Assignment: A faithful copy of the data below is required, leaving out every picture.

Dataset content:
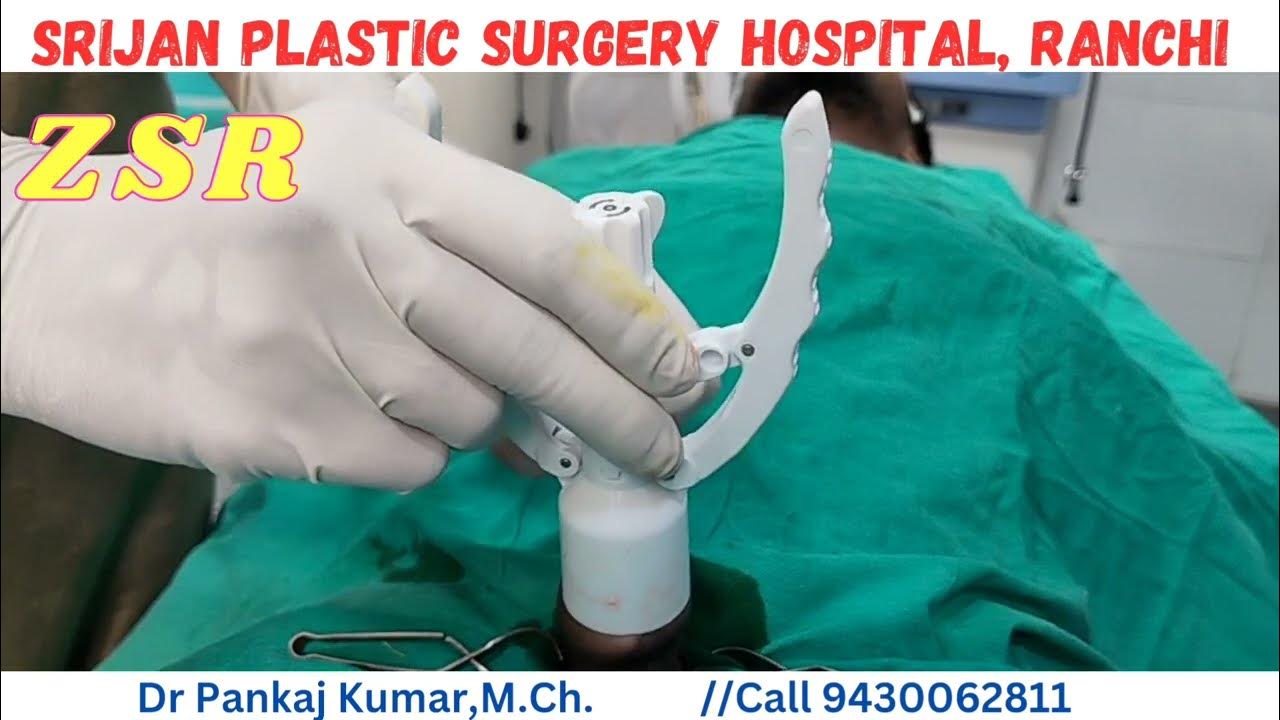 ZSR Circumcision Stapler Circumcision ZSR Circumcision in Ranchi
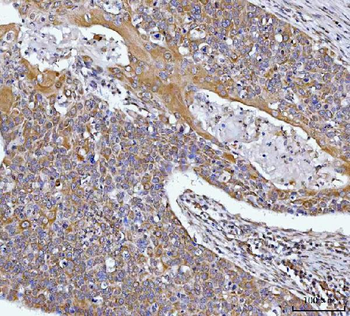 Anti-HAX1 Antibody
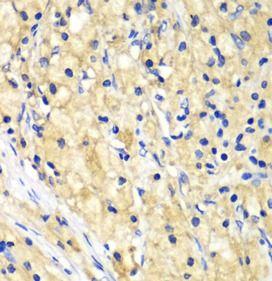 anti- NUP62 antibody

Your response:
 ZSR Circumcision Stapler Circumcision ZSR Circumcision in Ranchi
 Anti-HAX1 Antibody
 anti- NUP62 antibody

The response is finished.